Three months passed and she would tell me from time to time she was finishing books. I continued to encourage her, but I remember being frustrated with her ongoing sluggish behavior in my class … but I didn’t want to be too hard on her either. With two weeks left in class we were reading a passage aloud and I asked her to read for the first time in 4 months. I was absolutely floored with how much she had improved. It was still tough to listen to, but it dawned on me that this slug student really had been reading. She really was trying. Her improvement was huge!

So I stopped her mid-sentence. She flinched. I said to her in front of all the students, “Get on up and stand on top of your desk chair.” I knew she was thinking the worst, but she obliged nonetheless. I explained to the class of students (hamming it up … in kind of an angry tone) that I had NEVER seen a student do what she did. And finally, I asked the class to give her a standing ovation for improving so much in her oral reading. They were a great group of students, we clapped and cheered for 3-5 seconds, and that was the end of it. When it was all said and done, I had maybe invested 20 minutes of time that semester working on that individual student.

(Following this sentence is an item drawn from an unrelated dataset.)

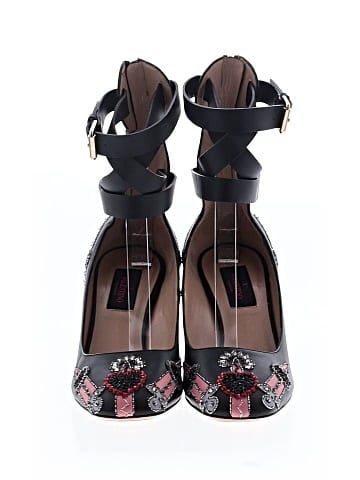 Valentino Leather Love Blade Embellished Heels (view 2)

Last year I met up with a few students from that class for dinner at the restaurant across the street from my house. She was there, and she was looking great. At a certain point during our two hours of reminiscing, she pulled me aside and said, “You were the only one Mr. Ross. You were the only one who believed in me. Everyone else thought I was stupid. My family, my friends, my boyfriends. You were it. The only one. It changed everything. I don’t know how I can thank you.”

20 minutes of positive shock and awe. Don’t write your slug students off. Validate them. Let them know you care.